- Given records -
↓↓↓

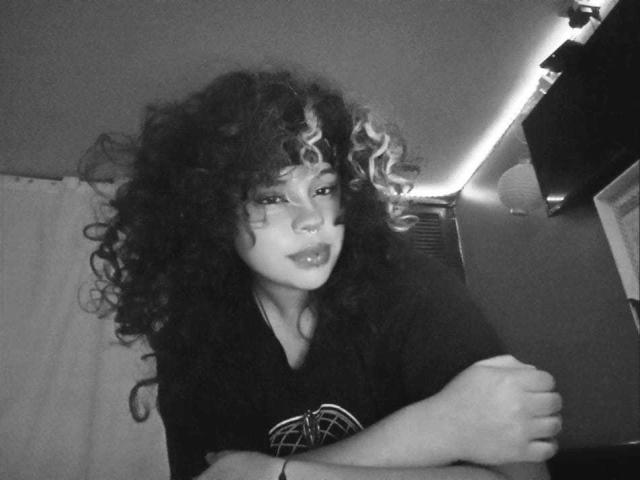 NeffellyRoss has curly dark hair with light blonde highlights, wearing a black shirt, sitting with arms crossed, looking slightly to the side in a black-and-white photo.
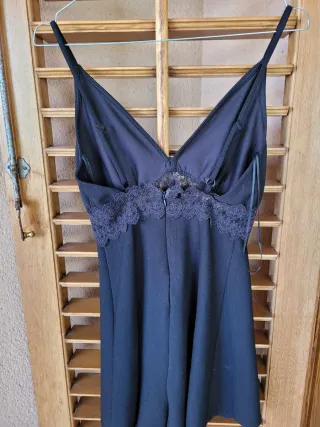 Tuta elegante con pizzo nero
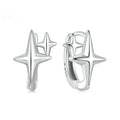 Minimalist oxidised sterling silver ear clips with geometric star designs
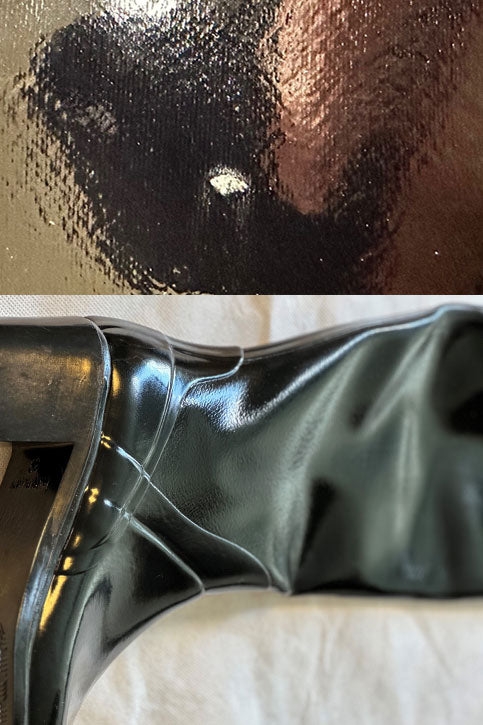 Detail view of ACQUO of Sweden's black over the knee rubber boots, showing a distinct mark on the toe area and natural creases around the ankle, demonstrating the handcrafted nature and unique surface character of each boot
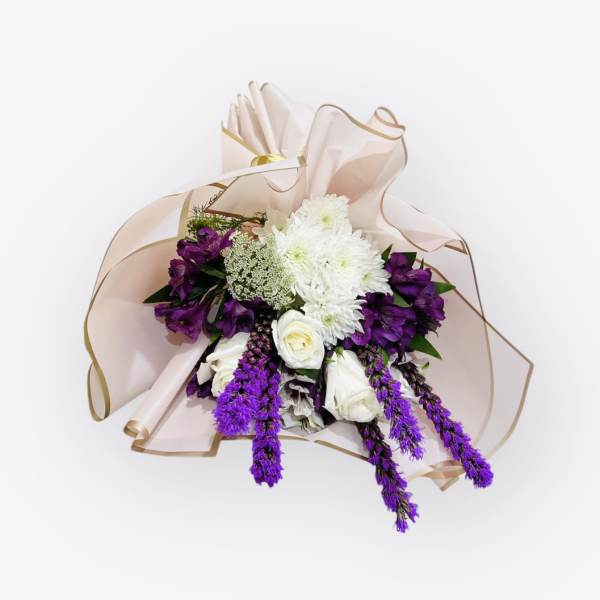 Bouquet of white and purple flowers wrapped in pale pink paper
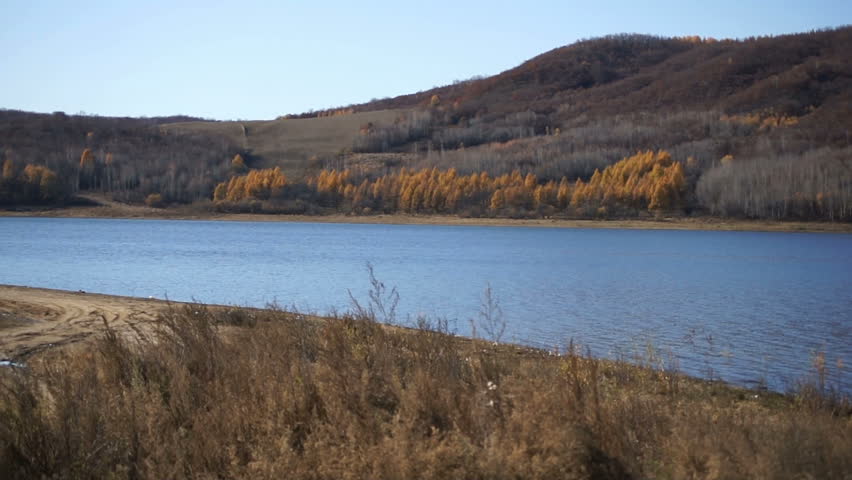 Panoramic view of the Wo Niu Hu lake in northern China. Hilly coastline, covered with colorful autumn forest, water surface, reflecting the blue sky. Panning right. October 2012.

↑↑↑

- Instructions to follow -
A word-for-word copy is needed of the lines from the line holding "Tuta elegante con pizzo nero" through the end of the records, both included, excluding every picture.

- Task solution -
 Tuta elegante con pizzo nero
 Minimalist oxidised sterling silver ear clips with geometric star designs
 Detail view of ACQUO of Sweden's black over the knee rubber boots, showing a distinct mark on the toe area and natural creases around the ankle, demonstrating the handcrafted nature and unique surface character of each boot
 Bouquet of white and purple flowers wrapped in pale pink paper
 Panoramic view of the Wo Niu Hu lake in northern China. Hilly coastline, covered with colorful autumn forest, water surface, reflecting the blue sky. Panning right. October 2012.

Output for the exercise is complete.